I heard about the Guild when Lynn Ahrens came to speak to my first-year class at the BMI Lehman Engel Musical Theatre Writing Workshop (side note: we really need a better acronym for this workshop. B-MILE? LE-WOW?). Anyway, it was 1999 and I had just made a life-changing discovery: If I wrote something down that made a little sense, possibly rhymed, and was set to music, I could call myself a lyricist. And I was madly, passionately caught up in the first blush of love—with the workshop, with my collaborators, with the first-year assignments and, most importantly, with the newfound rush of writing something—anything!—and having it (maybe?) land with an audience. People could sing what I wrote, and other people might laugh? Oh, brave new world that had such possibilities in’t!
So imagine my surprise when Lynn Ahrens, writer-chick-hero-extraordinaire, started listing some issues that we first-years would face downstream. I had never heard the term subsidiary rights, but it seemed odd that I might have to give them away to a potential collaborator before we’d had a single rehearsal. I had never really considered what I would do if an actor purposely decided to stray from the script or lyrics I had written, or if a director did not like a change I wrote in previews. And I had never ONCE considered the stresses of negotiating with powerful corporations over ownership of and compensation for these songs I’d begun to write that felt like extensions of myself. Good Lord, I hated conflict—that’s why I’d spent most of my life singing! But there was Lynn, the genius who birthed “Interplanet Janet,” telling me that if I planned to follow this path, I would face every one of these issues. Well, F*#k. But then she said that we, as writers, had some leverage in these matters if we became members of the Dramatists Guild.

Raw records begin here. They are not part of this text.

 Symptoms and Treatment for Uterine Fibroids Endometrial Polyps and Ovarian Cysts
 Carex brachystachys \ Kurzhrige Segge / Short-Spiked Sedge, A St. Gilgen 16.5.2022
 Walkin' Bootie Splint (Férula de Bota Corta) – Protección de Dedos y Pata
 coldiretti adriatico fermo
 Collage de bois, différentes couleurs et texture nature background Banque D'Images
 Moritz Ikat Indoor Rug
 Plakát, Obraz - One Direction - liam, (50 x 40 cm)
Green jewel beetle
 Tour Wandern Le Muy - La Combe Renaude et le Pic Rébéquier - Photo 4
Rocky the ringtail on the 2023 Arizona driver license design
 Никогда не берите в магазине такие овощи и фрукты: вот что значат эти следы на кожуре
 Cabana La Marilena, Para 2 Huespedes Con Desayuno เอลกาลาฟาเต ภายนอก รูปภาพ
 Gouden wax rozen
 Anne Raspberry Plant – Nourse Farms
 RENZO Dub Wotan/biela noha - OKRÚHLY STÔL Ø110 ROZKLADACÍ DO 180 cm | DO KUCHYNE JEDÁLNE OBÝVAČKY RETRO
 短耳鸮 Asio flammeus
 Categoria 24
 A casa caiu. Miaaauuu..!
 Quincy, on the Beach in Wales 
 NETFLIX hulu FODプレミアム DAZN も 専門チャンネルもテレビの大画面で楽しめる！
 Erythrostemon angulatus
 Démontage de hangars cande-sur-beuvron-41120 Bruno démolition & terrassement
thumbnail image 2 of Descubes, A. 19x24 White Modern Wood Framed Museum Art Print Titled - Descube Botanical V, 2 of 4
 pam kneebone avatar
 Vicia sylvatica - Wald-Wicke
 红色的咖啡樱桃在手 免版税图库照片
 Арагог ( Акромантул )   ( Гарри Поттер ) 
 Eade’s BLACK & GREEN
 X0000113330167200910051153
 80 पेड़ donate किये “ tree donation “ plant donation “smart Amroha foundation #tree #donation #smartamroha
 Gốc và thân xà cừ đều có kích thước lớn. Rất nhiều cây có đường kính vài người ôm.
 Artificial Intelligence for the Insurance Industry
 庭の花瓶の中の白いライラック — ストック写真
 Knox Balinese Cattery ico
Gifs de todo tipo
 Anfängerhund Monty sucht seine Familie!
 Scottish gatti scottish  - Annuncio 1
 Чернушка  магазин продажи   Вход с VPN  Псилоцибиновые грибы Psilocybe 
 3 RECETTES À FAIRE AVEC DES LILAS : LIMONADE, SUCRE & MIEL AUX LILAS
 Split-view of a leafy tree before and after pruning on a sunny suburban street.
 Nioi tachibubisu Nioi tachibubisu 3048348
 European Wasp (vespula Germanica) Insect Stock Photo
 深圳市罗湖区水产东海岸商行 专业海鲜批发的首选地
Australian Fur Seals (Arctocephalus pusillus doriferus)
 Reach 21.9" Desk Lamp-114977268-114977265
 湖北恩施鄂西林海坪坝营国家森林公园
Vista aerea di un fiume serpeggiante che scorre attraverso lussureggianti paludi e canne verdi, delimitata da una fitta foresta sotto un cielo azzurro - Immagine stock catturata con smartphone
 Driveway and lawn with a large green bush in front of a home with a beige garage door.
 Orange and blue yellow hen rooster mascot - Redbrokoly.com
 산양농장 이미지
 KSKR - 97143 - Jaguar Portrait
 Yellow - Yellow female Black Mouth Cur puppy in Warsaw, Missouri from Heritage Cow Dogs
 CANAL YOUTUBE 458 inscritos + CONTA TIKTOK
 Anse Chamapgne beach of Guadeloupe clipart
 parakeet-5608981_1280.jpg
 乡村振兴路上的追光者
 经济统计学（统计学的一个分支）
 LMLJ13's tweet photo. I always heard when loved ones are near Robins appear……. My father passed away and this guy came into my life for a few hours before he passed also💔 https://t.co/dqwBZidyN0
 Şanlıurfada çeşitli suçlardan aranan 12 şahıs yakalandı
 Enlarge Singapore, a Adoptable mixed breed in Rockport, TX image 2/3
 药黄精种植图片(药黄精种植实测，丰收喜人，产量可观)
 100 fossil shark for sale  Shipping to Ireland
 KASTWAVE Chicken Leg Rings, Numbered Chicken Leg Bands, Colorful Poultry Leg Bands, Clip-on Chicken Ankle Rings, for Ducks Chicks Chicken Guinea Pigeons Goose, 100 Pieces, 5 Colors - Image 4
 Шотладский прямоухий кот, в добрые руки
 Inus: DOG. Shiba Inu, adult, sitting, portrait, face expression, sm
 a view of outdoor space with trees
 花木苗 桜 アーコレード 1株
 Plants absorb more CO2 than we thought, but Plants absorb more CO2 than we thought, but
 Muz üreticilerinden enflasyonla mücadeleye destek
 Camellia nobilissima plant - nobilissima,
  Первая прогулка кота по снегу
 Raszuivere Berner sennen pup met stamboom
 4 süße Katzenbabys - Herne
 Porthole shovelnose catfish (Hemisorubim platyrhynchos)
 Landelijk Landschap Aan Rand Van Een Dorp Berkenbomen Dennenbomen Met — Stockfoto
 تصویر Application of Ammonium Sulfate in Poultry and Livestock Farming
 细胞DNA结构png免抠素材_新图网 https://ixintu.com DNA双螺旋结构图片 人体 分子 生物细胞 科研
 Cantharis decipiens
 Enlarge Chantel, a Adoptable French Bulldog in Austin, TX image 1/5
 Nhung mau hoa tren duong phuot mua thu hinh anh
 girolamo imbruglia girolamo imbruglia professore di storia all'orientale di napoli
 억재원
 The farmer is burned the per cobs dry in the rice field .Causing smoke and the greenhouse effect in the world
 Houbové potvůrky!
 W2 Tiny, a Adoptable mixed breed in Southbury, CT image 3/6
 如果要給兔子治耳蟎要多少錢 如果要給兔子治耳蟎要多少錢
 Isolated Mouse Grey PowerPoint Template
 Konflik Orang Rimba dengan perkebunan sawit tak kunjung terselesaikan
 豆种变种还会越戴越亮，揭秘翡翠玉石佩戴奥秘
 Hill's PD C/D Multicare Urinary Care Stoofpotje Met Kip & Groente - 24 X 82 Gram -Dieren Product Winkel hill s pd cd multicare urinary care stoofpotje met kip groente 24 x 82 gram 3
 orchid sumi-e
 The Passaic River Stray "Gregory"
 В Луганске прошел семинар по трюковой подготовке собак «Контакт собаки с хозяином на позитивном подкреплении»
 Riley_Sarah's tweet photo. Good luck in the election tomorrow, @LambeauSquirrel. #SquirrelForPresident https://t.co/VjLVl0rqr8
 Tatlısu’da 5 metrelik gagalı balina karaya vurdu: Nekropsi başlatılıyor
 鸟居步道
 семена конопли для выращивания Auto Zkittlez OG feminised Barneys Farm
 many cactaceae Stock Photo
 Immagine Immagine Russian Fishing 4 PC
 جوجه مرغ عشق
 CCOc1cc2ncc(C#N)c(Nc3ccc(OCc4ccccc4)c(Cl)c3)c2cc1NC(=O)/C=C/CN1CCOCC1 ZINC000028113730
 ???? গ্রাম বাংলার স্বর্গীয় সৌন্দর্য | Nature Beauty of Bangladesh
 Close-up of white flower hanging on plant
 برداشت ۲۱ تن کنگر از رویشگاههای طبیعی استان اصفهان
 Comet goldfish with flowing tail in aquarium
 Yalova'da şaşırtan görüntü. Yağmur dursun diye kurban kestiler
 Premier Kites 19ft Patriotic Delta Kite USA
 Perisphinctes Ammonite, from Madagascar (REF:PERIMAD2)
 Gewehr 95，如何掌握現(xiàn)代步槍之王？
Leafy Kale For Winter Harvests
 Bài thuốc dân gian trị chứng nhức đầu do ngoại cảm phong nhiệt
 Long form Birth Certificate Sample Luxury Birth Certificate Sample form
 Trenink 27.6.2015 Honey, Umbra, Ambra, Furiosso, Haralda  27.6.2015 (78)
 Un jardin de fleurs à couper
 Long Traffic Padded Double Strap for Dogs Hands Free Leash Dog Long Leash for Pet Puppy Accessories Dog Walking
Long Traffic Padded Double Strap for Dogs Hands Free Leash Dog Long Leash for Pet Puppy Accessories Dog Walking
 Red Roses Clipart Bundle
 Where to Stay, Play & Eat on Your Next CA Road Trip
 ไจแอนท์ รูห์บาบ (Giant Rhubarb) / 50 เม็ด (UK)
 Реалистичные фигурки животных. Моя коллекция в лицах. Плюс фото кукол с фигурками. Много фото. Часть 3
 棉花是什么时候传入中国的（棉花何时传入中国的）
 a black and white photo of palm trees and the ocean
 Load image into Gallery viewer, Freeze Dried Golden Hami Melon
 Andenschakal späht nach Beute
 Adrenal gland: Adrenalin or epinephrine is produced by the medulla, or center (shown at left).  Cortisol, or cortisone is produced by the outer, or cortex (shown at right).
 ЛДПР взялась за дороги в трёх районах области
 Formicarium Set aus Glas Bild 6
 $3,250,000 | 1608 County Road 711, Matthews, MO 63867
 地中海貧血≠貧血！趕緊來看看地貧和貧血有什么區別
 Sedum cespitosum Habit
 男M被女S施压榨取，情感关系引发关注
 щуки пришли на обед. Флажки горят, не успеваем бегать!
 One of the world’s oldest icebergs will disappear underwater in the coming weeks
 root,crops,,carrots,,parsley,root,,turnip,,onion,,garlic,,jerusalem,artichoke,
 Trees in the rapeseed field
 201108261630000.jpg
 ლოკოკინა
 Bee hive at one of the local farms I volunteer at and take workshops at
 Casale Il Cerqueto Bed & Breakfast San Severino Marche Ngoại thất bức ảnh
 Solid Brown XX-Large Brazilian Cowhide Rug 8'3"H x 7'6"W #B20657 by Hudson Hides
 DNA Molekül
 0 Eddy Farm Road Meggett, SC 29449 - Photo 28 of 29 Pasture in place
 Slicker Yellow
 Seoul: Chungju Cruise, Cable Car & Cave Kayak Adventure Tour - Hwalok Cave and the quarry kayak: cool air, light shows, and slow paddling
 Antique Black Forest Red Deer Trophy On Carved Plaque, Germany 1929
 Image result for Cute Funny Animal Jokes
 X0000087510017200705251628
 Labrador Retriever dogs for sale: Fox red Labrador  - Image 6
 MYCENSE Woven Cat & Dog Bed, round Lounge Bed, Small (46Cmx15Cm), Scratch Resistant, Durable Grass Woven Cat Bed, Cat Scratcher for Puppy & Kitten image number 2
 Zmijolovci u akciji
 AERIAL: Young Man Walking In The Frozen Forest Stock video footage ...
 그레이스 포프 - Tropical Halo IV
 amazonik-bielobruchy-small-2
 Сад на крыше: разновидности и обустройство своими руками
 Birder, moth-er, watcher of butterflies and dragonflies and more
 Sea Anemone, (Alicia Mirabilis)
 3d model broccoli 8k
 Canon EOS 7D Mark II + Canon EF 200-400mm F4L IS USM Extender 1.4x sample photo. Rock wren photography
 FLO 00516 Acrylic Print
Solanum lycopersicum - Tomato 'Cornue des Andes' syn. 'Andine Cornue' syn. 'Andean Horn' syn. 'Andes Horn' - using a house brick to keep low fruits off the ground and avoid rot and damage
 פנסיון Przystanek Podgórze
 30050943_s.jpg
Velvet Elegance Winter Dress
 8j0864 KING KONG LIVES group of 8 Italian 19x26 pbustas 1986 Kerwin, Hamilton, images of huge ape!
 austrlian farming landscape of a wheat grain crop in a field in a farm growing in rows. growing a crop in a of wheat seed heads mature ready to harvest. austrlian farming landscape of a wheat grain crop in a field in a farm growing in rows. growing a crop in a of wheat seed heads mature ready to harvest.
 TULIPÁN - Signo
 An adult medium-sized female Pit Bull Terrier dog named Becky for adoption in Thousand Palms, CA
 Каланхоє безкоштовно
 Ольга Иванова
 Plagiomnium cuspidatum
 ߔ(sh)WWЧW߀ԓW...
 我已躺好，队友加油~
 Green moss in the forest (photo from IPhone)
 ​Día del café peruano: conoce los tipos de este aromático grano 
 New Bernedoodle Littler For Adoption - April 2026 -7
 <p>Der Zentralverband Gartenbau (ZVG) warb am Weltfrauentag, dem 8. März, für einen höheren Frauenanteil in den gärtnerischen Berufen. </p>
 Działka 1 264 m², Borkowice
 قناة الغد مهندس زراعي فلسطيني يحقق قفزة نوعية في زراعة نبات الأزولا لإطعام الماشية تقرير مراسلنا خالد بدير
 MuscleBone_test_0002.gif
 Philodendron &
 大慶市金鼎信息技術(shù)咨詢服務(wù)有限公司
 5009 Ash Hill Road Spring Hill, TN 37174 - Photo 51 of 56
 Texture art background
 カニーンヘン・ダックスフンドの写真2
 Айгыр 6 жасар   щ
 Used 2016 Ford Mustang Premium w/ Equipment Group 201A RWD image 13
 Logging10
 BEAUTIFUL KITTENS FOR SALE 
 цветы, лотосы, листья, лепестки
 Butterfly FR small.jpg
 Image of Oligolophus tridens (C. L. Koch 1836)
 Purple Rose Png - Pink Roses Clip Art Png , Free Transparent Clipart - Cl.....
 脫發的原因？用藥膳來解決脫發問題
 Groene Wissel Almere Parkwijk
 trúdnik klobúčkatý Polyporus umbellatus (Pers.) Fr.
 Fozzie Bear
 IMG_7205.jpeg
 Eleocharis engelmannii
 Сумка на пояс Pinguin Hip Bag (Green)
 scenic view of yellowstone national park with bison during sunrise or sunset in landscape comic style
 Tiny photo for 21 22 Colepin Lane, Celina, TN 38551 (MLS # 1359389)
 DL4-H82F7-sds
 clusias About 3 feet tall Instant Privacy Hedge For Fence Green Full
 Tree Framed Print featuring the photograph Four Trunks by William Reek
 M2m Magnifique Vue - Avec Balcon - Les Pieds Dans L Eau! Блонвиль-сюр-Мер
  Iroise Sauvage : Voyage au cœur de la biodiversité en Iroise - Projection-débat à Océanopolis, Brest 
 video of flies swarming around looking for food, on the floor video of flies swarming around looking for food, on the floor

So, I did what Lynn told me to do. I joined. Now, thanks to the Guild, I’m given rights and respect as a writer for which I never had to fight. I know I’m always welcome in the rehearsal room. I know the words I put on paper are the words that will be performed. I have an army of geniuses past, present, and future that invisibly stand beside me through tough negotiations with powerful producers. And as a member of the Guild, I know if an issue should come up, the Guild would have my back. So, creating drama can stay as drama-free as possible. And that allows me to hold onto the young, delicate love I first discovered in 1999: the joy of writing something and having it (maybe?) land with an audience.